Selon la Direction Générale des Finances Publiques, la lutte contre la fraude fiscale est un enjeu majeur de souveraineté et de redressement des comptes publics, mais aussi une condition essentielle pour faire respecter le principe d’égalité devant l’impôt.

C’est la raison pour laquelle le législateur accorde des pouvoirs à l’administration fiscale afin que cette dernière puisse contrôler la fiscalité des contribuables. Ce contrôle est perçu comme étant la contrepartie du système déclaratif.

I. Définition de la procédure de flagrance fiscale

A) À quelle forme de contrôle correspond la procédure de flagrance fiscale ? 

On distingue deux principales formes de contrôle : 

  • Le contrôle interne, aussi appelé contrôle de bureau, qui se déroule dans les locaux de l’administration fiscale ;
  • Le contrôle externe, aussi appelé contrôle sur place, qui se déroule généralement chez le contribuable. 

Nous nous intéresserons particulièrement au contrôle externe qui se divise en deux types de procédure, d’une part les procédures d’investigation, et d’autre part les procédures de vérification.

Les procédures d’investigation ont pour but de recueillir des informations. On y retrouve le droit de communication, les demandes d’éclaircissement et de justification ainsi que le droit de visite et de saisie (article L. 16 B du livre des procédures fiscales (LPF)), le droit d’enquête (article L. 80 F du LPF) et enfin la flagrance fiscale. 

Cette dernière a été créée en 2008 à l’article L. 16-0 BA du LPF et permet à l’administration fiscale de pénétrer dans les locaux professionnels ou privés d’un contribuable pour y rechercher des preuves de fraude fiscale. En effet, l’objet même de cette procédure est de lutter contre la fraude fiscale. 

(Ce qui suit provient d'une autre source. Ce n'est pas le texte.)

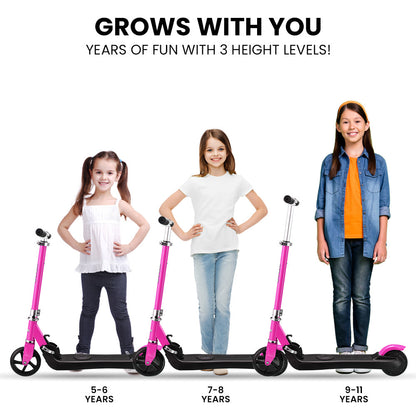 Foldable Electric Scooter for Kids, Adjustable Height, 12km/h, Pink, Ages 5-11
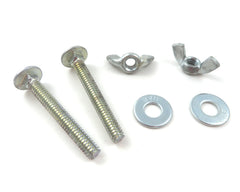 Hardware Kit for Scraper Vise with 2 2" long 1/4-20 carriage bolts, 2 1/4" washers and 1/4-20 wingnuts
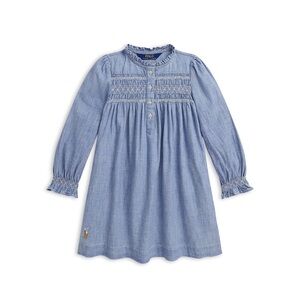 Polo Ralph Lauren Light Blue Smocked Dress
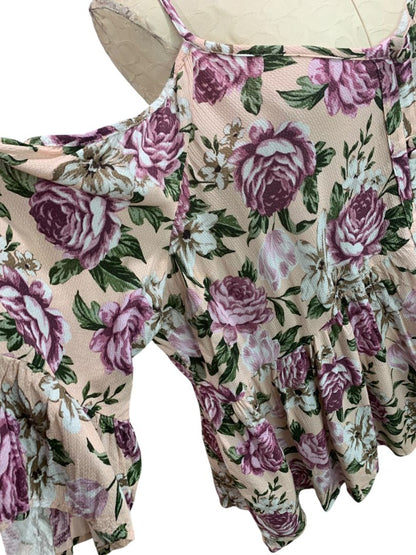 Size 3X Torrid Womens Plus Size Rose Print Cold Shoulder Blouse V-Neck Shirt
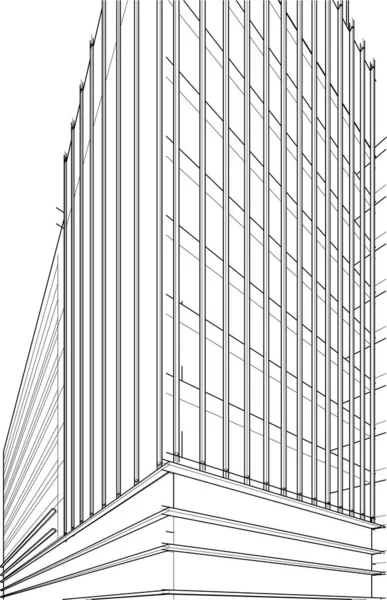 Modern City Building Illustration — Image vectorielle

C’est une procédure dite « exceptionnelle ». Elle permet aux agents de réagir face à une situation qu’ils considèrent comme manifestement frauduleuse et ainsi, de procéder à un contrôle immédiat de la période fiscale en cours ainsi qu’à des saisies conservatoires. C’est une notion empruntée au droit pénal puisque, autrement dit, il s’agit de « prendre en flagrant délit la fraude fiscale » d’un contribuable.

B) Quelles sont les conditions de mise en œuvre de la procédure de flagrance fiscale ?

La particularité de cette procédure est qu’elle peut se faire au titre d’une période d’imposition en cours, c’est-à-dire une période qui n’a pas encore donné lieu à déclaration. Elle ne peut concerner que les professionnels pour leurs déclarations d’impôt sur le revenu des personnes physiques (bénéfices industriels et commerciaux, bénéfices agricoles et bénéfices non-commerciaux), d’impôt sur les sociétés et de taxe sur la valeur ajoutée (TVA). 

Il existe des conditions essentielles à la mise en œuvre de la procédure. 

Tout d’abord, il faut une obligation déclarative non encore échue. En effet, la procédure de flagrance fiscale permet à l’administration fiscale de contrôler une période d’imposition en cours.  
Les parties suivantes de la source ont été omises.